Thank you very much for your suggestion. That part of the program is now running normally. However, an error occurred during the downstream analysis when converting to a Seurat object: Convert("SEVtras_combined.h5ad", dest = "h5seurat", overwrite = T) Warning: Unknown file type: h5ad Warning: 'assay' not set, setting to 'RNA' Creating h5Seurat file for version 3.1.5.9900 Adding X as data Adding raw/X as counts Adding meta.features from raw/var Adding X_pca as cell embeddings for pca Adding X_umap as cell embeddings for umap Adding PCs as feature loadings for pca Warning: Cannot find features for feature loadings, will not be able to load Adding miscellaneous information for pca Adding standard deviations for pca Adding miscellaneous information for umap Adding hvg to miscellaneous data Adding log1p to miscellaneous data

scdata <- LoadH5Seurat("SEVtras_combined.h5seurat", meta.data = T, misc = F) Validating h5Seurat file Initializing RNA with data Error in fixupDN.if.valid(value, x@Dim) : length of Dimnames[[1]] (21203) is not equal to Dim[1] (4542)

This seems to indicate an error in generating the data in h5ad format. I wonder if you have encountered this error before. I would greatly appreciate any further advice you could provide.

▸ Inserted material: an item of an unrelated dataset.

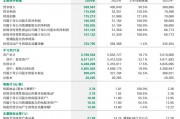 中国人寿2024年报出炉：实现总保费6714.57亿元 同比增长4.7%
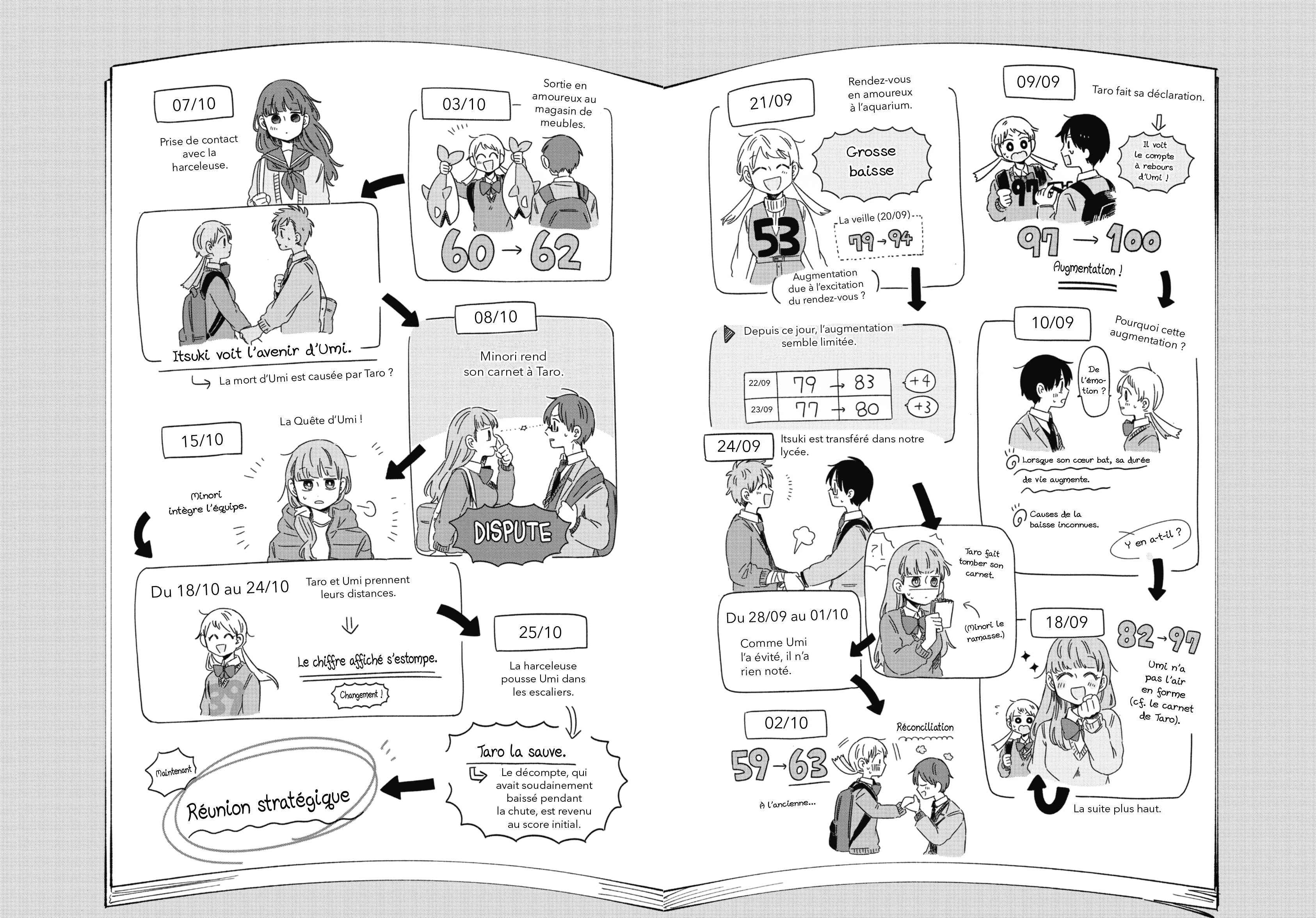 Read 100 Jours Avant Ta Mort  Manga Online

RuiqiaoHe commented 2 weeks ago

Please refer to question 13 at Troubleshooting html. The code would reliably convert Seurat object to h5ad format.

TATABOX99 commented 2 weeks ago

Dear Author,

Upon investigation, we found that the error originates from the version issue of the Seurat-disk we are using. It seems feasible to extract information from this h5ad format dataset directly in Python and then construct the Seurat object directly in R. However, we found that in the newly constructed Seurat object, the number of features and cells changed. Below is the information of the Seurat object we initially used:

testAB.integrated An object of class Seurat 31317 features across 161079 samples within 1 assay Active assay: RNA (31317 features, 5000 variable features) 3 layers present: counts, data, scale.data 4 dimensional reductions calculated: pca, harmony, umap, tsne

After processing with SEVtras, the number of features decreased to 4542, while the number of cells increased to 192177. We have two questions: first, is this a normal phenomenon that could occur during the computation process? Second, can we extract the EVs determination information in the metadata of the newly generated Seurat object and transfer it to the initial Seurat object, 'testAB.integrated', so that we can retain the EVs information while also preserving the feature information?

RuiqiaoHe commented 2 weeks ago

Since I don't know the full picture of your data, I can only answer with what I assume to be the case.

  1. The number of cells depends only on your input in parameter adata_cell of SEVtras.ESAI_calculator. So it won't increase. If you indicate the cell number in the output of SEVtras.sEV_recognizer (raw_SEVtras.h5ad), this is not the real cell in your analysis. I only control the total UMI in the file. As for the number of features, it can rise from different feature selection parameters between Seurat and Scanpy.
  2. It is ok to extract the sEV information in adata or Seurat object. You can just save them in the adata.obs and use the original data for other analysis.